The origin of BLE technology can be traced back to the need for an ultra-lower-power wireless standard for wearable and other IoT devices that operate on smaller batteries. Over the years, BLE has become a basic building block in connecting smartwatches, heart-rate monitors and fitness trackers with a companion device like the smartphone.
It's now an intrinsic part of a wide array of IoT designs, ranging from healthcare wearables to beacons in the sports arena to accessories in smart home and smart factory premises. The following three issues are crucial in these designs, and Bluetooth World 2016 show will provide the latest beat on these design challenges.
1. Power Efficiency
Power efficiency is the reason Bluetooth Smart standard was created in the first place. And this is still an issue that drives most of the engineering decisions in BLE designs. Are internal DC-DC converters needed? How to implement intelligent power control? What about the ambient temperature effects?
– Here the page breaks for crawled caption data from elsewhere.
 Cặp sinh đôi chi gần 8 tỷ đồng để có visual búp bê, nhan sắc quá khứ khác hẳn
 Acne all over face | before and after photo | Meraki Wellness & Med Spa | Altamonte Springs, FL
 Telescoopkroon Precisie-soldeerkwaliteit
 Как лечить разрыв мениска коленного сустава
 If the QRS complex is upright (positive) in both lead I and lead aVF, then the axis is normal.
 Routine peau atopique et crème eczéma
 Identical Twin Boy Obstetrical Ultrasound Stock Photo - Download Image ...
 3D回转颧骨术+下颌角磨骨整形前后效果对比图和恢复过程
Atmel’s BTLC1000 chipset for BLE consumes less than 4mA in RX and less than 3mA in TX at 0dbm
Chipmakers like Atmel, Cypress, Dialog, Nordic Semiconductor and NXP are unveiling ultra-low-power BLE chipsets that continue to deliver new levels of battery performance. However, power constraints are still a vital factor because the Bluetooth SIG standards body is now aiming a 4-fold increase in the range of BLE devices.
2. RF Performance
ARM has claimed a stake in the BLE market and is coming to the Bluetooth World 2016 with a product portfolio it calls ARM Cordio BT4. It includes the RF front-end, controller, protocol stack, and specification profiles. Moreover, the Cambridge, England–based embedded powerhouse is aiming to enhance the radio connectivity part with a robust IP solution for the BLE system-on-chip (SoC) designs.
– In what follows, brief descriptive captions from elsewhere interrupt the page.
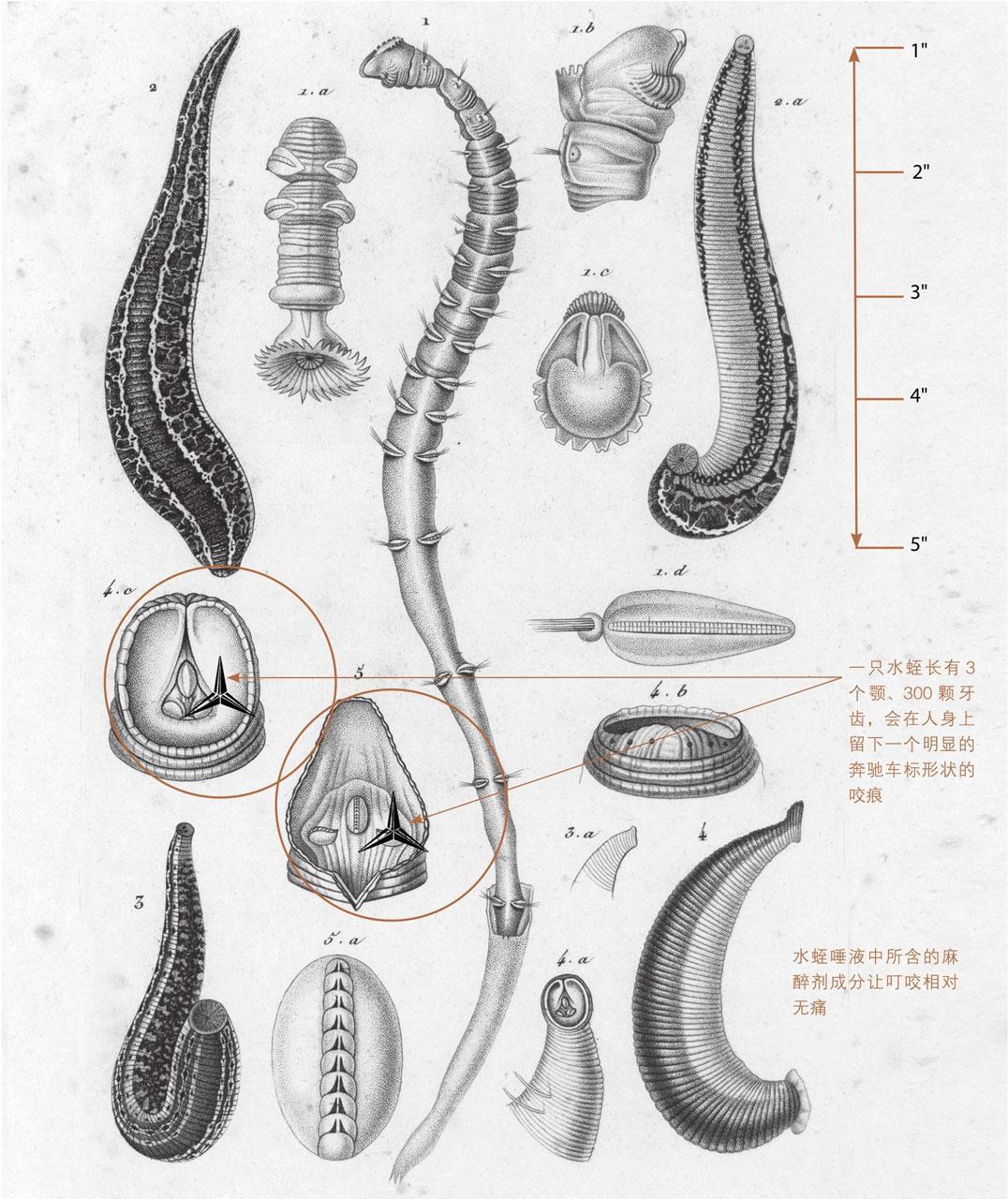 近代欧洲人曾将水蛭放入体内吸血——来治疗各种疾病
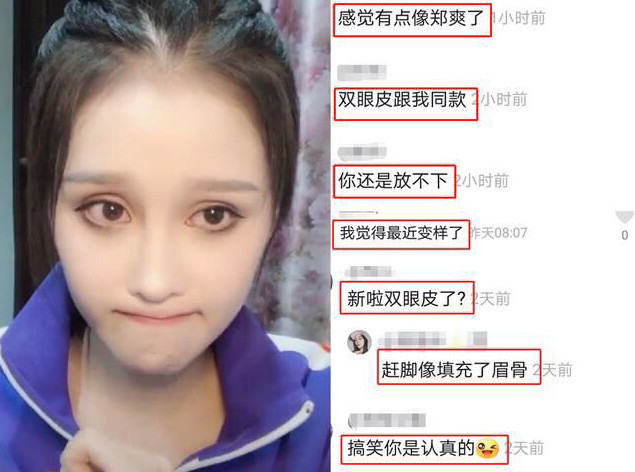 赵本山女儿球球撞脸郑爽!超大眼睛太吓人,网友直呼像外星人!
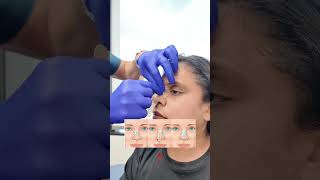 Nose Taping After Rhinoplasty  Raja Mohan M D shorts shortsvideo [upl. by Elconin]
RF matching is done internally in the nRF52832 chipset for Bluetooth Smart
The radio connectivity part is critical in BLE chipsets because most of the power consumption is caused by data transmission. So the factors like RF performance and power efficiency are intertwined in the BLE world. The evaluations platforms showcased at the event will allow design engineers to validate claims about RF performance and power efficiency features.
3. Integration Levels
Watch out for the new SoC solutions catering to the Bluetooth Smart needs because the sleek SoC designs are a key to another primary challenge in the wearable and IoT designs: system integration. The BLE chipsets usually combine radio transceiver, baseband processor running on Cortex cores, protocol stacks, and additional analog circuitry for power management.
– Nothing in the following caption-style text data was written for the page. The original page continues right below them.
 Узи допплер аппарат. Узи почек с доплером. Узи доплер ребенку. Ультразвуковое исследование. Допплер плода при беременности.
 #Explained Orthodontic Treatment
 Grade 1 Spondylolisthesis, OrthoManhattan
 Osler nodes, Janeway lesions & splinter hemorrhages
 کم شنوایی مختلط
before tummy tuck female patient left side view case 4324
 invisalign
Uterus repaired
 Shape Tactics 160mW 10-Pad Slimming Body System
Module developers like TDK are adopting SESUB for miniaturization
Next, BLE module developers like TDK are adopting the Semiconductor Embedded in Substrate or SESUB technology, which they claim saves nearly 60 percent of area compared to conventional modules. Miniaturization at both chip and module fronts will counter the increasing components count amid the rising functionality in BLE chips. More integration ideas could be floated at the show.